[PROBLEM]: How many of the lines below include the word "Diamond"? Only the number should be given.

[RECORDS PROVIDED]:
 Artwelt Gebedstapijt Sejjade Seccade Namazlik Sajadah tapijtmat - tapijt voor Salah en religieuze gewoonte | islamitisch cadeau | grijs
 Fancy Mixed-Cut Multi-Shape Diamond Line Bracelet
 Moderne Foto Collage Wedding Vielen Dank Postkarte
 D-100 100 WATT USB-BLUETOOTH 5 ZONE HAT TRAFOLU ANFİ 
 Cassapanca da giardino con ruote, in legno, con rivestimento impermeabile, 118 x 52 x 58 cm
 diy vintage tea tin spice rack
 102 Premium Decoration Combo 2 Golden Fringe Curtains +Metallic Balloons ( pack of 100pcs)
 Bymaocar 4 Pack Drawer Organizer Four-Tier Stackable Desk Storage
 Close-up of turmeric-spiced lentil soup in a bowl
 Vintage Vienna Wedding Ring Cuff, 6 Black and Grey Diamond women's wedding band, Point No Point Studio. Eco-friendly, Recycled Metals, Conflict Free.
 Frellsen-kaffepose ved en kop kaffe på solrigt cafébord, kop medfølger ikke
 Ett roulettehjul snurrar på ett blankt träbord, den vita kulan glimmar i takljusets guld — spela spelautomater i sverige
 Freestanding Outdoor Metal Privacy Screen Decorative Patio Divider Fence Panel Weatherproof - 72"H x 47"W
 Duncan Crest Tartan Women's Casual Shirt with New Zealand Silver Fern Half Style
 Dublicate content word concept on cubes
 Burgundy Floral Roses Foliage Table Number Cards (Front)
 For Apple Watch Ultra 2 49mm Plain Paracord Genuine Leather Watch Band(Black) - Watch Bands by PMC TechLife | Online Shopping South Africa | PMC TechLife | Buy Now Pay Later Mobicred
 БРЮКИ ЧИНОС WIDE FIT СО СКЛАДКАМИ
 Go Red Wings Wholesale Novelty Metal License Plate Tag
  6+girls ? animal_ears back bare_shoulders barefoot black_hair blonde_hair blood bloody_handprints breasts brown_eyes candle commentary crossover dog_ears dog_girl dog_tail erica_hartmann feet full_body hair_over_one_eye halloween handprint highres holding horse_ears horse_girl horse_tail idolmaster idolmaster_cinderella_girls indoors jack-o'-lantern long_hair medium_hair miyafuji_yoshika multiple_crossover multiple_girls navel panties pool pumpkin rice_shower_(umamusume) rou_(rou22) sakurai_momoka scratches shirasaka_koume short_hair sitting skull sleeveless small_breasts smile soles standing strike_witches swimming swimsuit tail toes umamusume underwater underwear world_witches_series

[OUTPUT FOR THIS EXERCISE]: 2